Information provided –
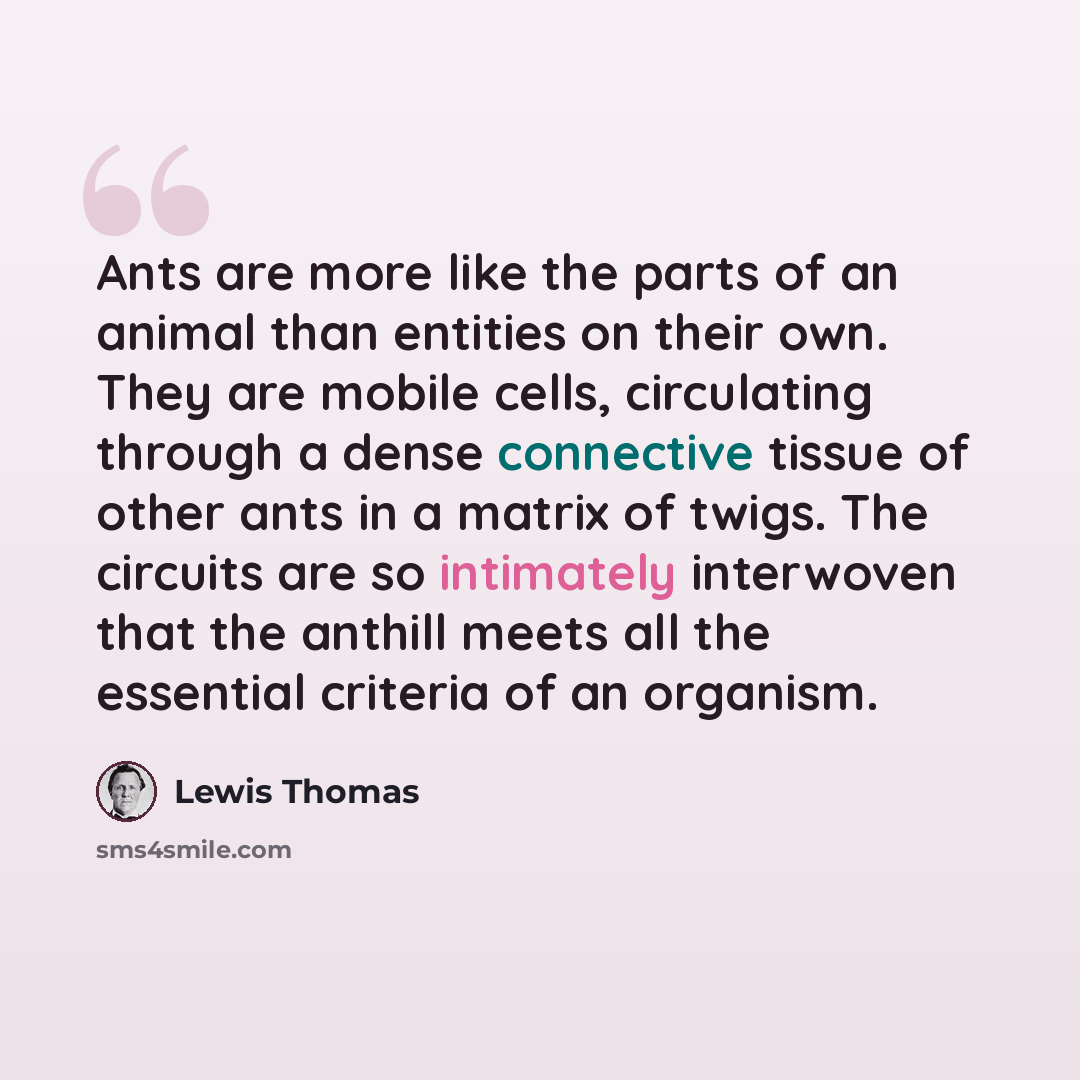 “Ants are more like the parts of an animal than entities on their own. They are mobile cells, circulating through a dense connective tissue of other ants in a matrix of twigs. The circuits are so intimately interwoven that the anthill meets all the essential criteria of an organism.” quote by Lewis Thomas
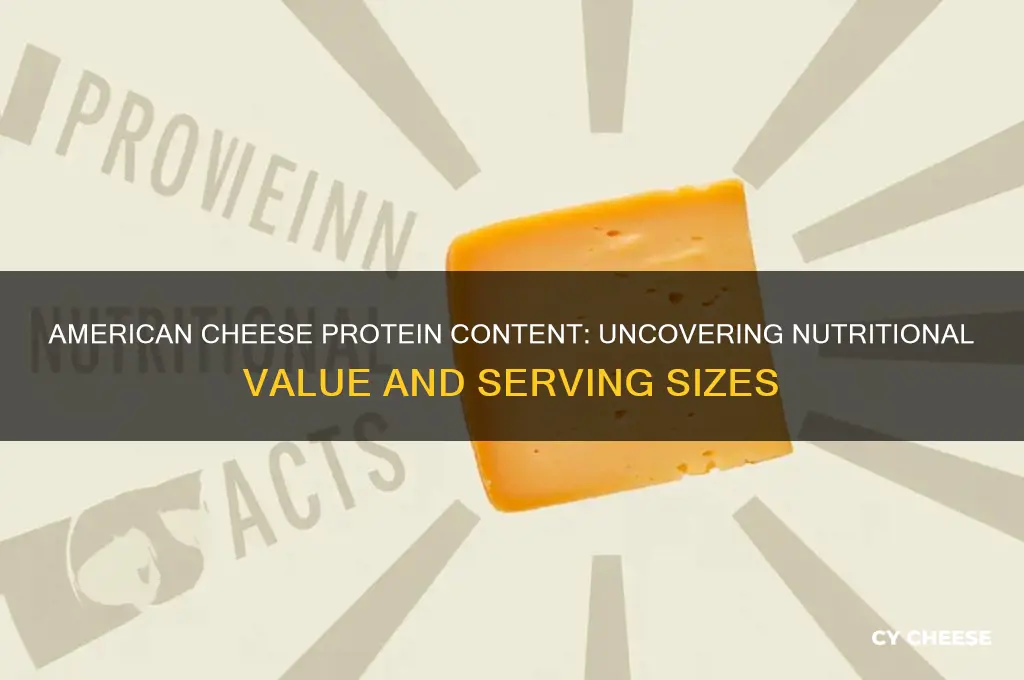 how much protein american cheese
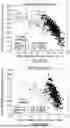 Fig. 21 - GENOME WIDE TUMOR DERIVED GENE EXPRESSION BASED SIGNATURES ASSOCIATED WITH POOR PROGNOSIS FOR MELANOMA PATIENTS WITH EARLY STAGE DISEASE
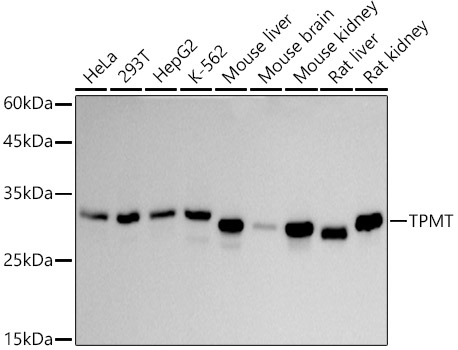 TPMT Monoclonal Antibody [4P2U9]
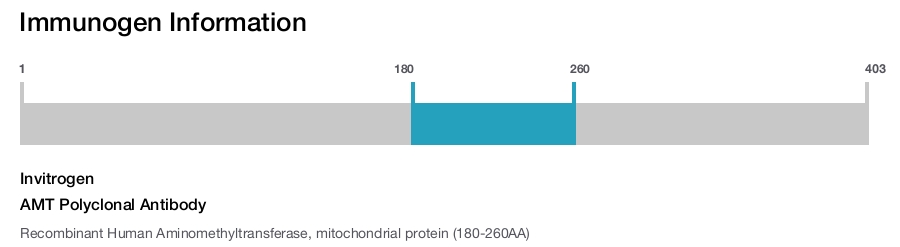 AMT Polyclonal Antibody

Exercise goal – Please, without any pictures, print each entry exactly.

Answer to the problem –
 “Ants are more like the parts of an animal than entities on their own. They are mobile cells, circulating through a dense connective tissue of other ants in a matrix of twigs. The circuits are so intimately interwoven that the anthill meets all the essential criteria of an organism.” quote by Lewis Thomas
 how much protein american cheese
 Fig. 21 - GENOME WIDE TUMOR DERIVED GENE EXPRESSION BASED SIGNATURES ASSOCIATED WITH POOR PROGNOSIS FOR MELANOMA PATIENTS WITH EARLY STAGE DISEASE
 TPMT Monoclonal Antibody [4P2U9]
 AMT Polyclonal Antibody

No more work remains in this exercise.